Ron Emerson, president of the group, which specializes in confidential industrial land acquisitions, confirmed he signed the option-to-purchase agreements with five large-scale farmers, most of whom are growing blueberries, with some producing root vegetables.

"There is a shortage of land for Gateway; that was what sparked our interest," Emerson said, adding the development would limit the number of trucks on the road.

"It should help traffic around the Lower Mainland. We understand what Gateway needs and we understand this makes a lot of sense."

Richmond Mayor Malcolm Brodie earlier this year criticized Port Metro Vancouver's quiet purchase in 2009 of the Gilmore Farm - 198 acres (80 hectares) of ALR land in Richmond near the Fraser River, adjacent to an existing port terminal.

Harold Steves, Richmond councillor and vice-chair of Metro Vancouver's regional planning and agriculture committee, said the option-to-purchase deal would compromise "the richest farm land in all of Canada" and lead to traffic congestion well into neighbouring municipalities.

"It's going to have tremendous implications to the entire region if it goes ahead," he said. "There will be opposition through the whole Lower Mainland, not just Delta."

Emerson noted there are still technical issues to be worked out, such as how the industrial land will fit in with the port terminal and rail yards. The bigger question is whether the land will be exempted from the ALR.

Huntington noted the option-to-purchase agreement will expire after the next provincial election.

The B.C. Agriculture Ministry distanced itself from the issue on Tuesday.

"The ALC [Agricultural Land Commission] looks at many factors when carrying out its mandate, and each application has its own distinct set of circumstances and is considered on its own merits," the ministry said in a statement.

"Government does not interfere in the independent decision-making process of the ALC."

Huntington said it appears the developers eventually hope to acquire all Delta lands in the agricultural tri-angle between Highway 17 and Deltaport Way, and have the support of the province.

The land abuts the Tsawwassen First Nation land that is now slated for industrial and commercial development. It also sits next to land previously bought in 2009 by BC Rail under its mandate to acquire port-related land.

"Port-related corporations like CN Rail, CP Rail and Western [are] working with developers who are actively seeking prime land in the Agricultural Land Reserve," Huntington said.

"The potential loss is even greater than the 512 acres (207 hectares) of ALR lost to the Tsawwassen Treaty.

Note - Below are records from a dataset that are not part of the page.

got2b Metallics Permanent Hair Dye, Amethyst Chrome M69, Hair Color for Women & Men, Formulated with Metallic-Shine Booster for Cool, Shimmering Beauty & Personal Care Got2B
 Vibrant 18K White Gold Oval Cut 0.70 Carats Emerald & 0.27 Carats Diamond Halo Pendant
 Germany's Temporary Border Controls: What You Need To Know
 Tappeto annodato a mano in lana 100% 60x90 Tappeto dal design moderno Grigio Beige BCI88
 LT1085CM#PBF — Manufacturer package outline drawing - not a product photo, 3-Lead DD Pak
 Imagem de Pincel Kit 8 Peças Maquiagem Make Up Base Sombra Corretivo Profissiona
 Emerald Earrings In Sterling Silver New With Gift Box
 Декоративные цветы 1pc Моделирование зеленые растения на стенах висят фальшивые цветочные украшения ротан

The combined loss could reach over 1,000 acres (405 hectares). The targeted land is some of the best agricultural soil in Canada."

The BC Gateway Transportation Strategy released earlier this week supports private-sector investments in new "transload" and integrated logistics facilities, she said, along with $2-billion in improvements to the pro-posed Roberts Bank Terminal 2.

She noted the provincial government's Pacific Gateway and B.C. Ports Strategies also include the mandate to acquire land for strategic port-related industry.

She said while there is no doubt the plans would increase port capacity and efficiency, "this is the wrong place and the wrong land."

She noted the optioned properties were part of the Roberts Bank Backup lands - farmland that was expropriated in 1968 for port development.

In the late 1990s to early 2000s, the province sold the land back to farmers for an average of $10,000 per acre. A decade later, the land is being optioned at an average of $185,000 per acre.

"Few people would turn down this kind of money, especially when it's clear the ALR means so little to our government," says Huntington. "It's disappointing, though, when even our pioneer farming families don't fight this destruction of farmland."